AMPK – Your Personal Fitness Manager

 

By Rick Morris

 

Good managers and directors and invaluable to business owners. They make sure that things get done efficiently and effectively. Just imagine a warehouse full of workers that have no direction or guidance. Nothing would get done!

 

You may or may not own a business, but as a runner you should still be very concerned with high quality management. More specifically – how efficiently and effectively your running fitness is managed. You may think you’re on your own when it comes to managing your level of running fitness. You do play the major role. You are in effect, the President and CEO of your body. You’re in charge of when and how you exercise. You decide what type of training program to engage in. But, you’re not alone. Did you know that you actually have a built in fitness manager? Yep – that’s right, you have a fitness director that you probably didn’t even know you had. Your personal fitness manager is called AMPK.

 

 

 

 

 

 

 

 

 

 

 

 

 

 

 

 

 

 

 

 

 

 

 

AMPK is an abbreviation for AMP-activated protein kinase, which is the technical term for an enzyme that plays a large role in regulating a number of cellular processes that are important to your running fitness. There are a number of improvements your body makes in response to training, including: increased blood supply to your muscles, increased number and capacity of energy producing mitochondria, increase in muscle glycogen and an increase in a number of enzymes that help your body use both glucose and fats to produce energy. AMPK is responsible, in part, for all of those improvements that increase your running fitness and make you a better runner.

 

One of the great things about AMPK is that it only shows up for work when your body puts in a call for it. AMPK is always there and ready for work but it’s mostly inactive until you need it. What a great concept, a manager that only shows up when work needs to be done! There is one primary signal your body uses to wake up and active AMPK – an increase in your AMP-ATP ratio. You may already know that ATP (adenosine triphosphate) is the substance your body uses to produce muscle contractions.
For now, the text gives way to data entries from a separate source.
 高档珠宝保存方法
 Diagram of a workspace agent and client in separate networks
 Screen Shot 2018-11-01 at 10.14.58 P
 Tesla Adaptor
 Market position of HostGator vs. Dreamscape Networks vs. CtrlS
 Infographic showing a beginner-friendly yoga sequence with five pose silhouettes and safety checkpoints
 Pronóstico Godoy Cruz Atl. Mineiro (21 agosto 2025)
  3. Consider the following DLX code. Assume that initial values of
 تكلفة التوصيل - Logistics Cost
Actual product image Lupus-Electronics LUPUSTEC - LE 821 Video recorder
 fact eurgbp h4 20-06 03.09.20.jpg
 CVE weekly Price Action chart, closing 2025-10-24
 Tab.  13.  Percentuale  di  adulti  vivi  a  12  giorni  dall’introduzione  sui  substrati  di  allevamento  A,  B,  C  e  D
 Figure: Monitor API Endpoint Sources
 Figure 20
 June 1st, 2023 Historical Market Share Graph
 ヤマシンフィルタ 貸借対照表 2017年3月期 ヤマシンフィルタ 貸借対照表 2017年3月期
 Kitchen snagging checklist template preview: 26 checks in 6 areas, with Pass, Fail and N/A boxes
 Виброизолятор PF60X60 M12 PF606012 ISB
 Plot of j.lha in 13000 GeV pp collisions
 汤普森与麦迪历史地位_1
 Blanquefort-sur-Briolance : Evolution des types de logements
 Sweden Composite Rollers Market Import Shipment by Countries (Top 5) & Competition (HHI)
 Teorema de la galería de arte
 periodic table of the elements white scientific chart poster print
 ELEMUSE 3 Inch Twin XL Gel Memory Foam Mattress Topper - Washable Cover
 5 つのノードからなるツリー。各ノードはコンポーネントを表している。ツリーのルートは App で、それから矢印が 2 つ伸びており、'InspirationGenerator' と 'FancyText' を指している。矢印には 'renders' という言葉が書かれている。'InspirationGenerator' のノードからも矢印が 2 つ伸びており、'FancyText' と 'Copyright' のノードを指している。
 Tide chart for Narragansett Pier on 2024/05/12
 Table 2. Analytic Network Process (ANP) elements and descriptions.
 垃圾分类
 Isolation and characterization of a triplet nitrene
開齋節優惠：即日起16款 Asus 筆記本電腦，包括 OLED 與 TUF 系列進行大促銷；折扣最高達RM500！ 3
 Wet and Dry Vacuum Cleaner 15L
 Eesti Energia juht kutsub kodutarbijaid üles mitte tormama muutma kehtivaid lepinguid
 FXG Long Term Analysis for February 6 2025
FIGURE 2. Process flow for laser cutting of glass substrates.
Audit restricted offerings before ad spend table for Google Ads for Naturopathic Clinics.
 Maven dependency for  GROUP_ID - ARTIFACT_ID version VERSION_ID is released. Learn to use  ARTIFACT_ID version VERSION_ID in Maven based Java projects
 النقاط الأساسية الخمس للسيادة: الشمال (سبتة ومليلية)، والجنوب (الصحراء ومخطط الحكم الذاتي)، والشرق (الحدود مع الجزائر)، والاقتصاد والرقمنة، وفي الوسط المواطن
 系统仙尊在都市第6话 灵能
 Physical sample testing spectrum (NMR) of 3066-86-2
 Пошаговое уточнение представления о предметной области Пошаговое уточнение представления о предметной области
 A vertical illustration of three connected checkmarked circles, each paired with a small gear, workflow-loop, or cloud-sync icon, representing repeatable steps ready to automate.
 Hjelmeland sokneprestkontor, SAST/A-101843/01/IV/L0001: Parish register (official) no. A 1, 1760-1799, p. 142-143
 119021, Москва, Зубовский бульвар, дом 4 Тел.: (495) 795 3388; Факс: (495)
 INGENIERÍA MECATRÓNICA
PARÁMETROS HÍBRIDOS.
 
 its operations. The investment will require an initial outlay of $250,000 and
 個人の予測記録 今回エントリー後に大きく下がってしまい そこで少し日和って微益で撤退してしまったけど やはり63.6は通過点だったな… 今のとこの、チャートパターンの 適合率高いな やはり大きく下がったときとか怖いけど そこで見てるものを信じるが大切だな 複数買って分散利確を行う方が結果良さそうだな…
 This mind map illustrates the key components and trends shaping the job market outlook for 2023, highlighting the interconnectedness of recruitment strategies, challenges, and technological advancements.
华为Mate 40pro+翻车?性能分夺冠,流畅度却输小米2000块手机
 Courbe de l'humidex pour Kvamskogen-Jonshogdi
When your muscles contract a phosphate breaks off ATP to form ADP (adenosine diphosphate). In order to make more energy producing ATP, ADP then donates a phosphate group to another ADP which results in ATP and AMP (adenosine monophosphate). During an endurance or high intensity workout, this process happens over and over again, which results in a dramatically increased ratio of AMP to ATP. When your AMPK notices this, it springs into action. Your AMPK then takes steps to improve the efficiency and fitness of your body through the responses mentioned earlier.

 

That is a lot of responsibility for a lone AMPK. Fortunately, your body takes pity on the poor, overworked AMPK. Studies have shown that endurance training increases the amount of AMPK in your body. The more training you do, the more AMPK fitness managers your body “hires”. One interesting finding is that although the amount of AMPK increases with training, its level of activity actually appears to decrease. Is that because there is less of a workload on each AMPK? That’s one possibility, but a more likely answer is that AMPK only becomes highly active when it’s really needed.

 

You may have heard the saying – “If you always do what you’ve always done, you’ll always get what you’ve always gotten”. This is a perfect example of that. Scientists believe that if your body is cruising along with little difficulty, AMPK stays inactive. The changes that AMPK facilitated in improving blood supply, building mitochondria and increasing enzyme activity are able to keep up with your training and reduce the need for AMPK activation. AMPK doesn’t get involved again until your body demands it. Since you need AMPK activation to increase your fitness levels, what do you do? It’s really simple. You need to continue to challenge your body to higher levels of fitness. Increase the distance of your long runs. Complete your interval training at a faster pace. Do more intervals with less recovery time. This will further elevate your AMP: ATP ratio and will send a clear signal to your AMPK that it’s time to get to work. AMPK will make sure you are consistently reaching new levels of running fitness as long as you tell it to by consistently challenging your body.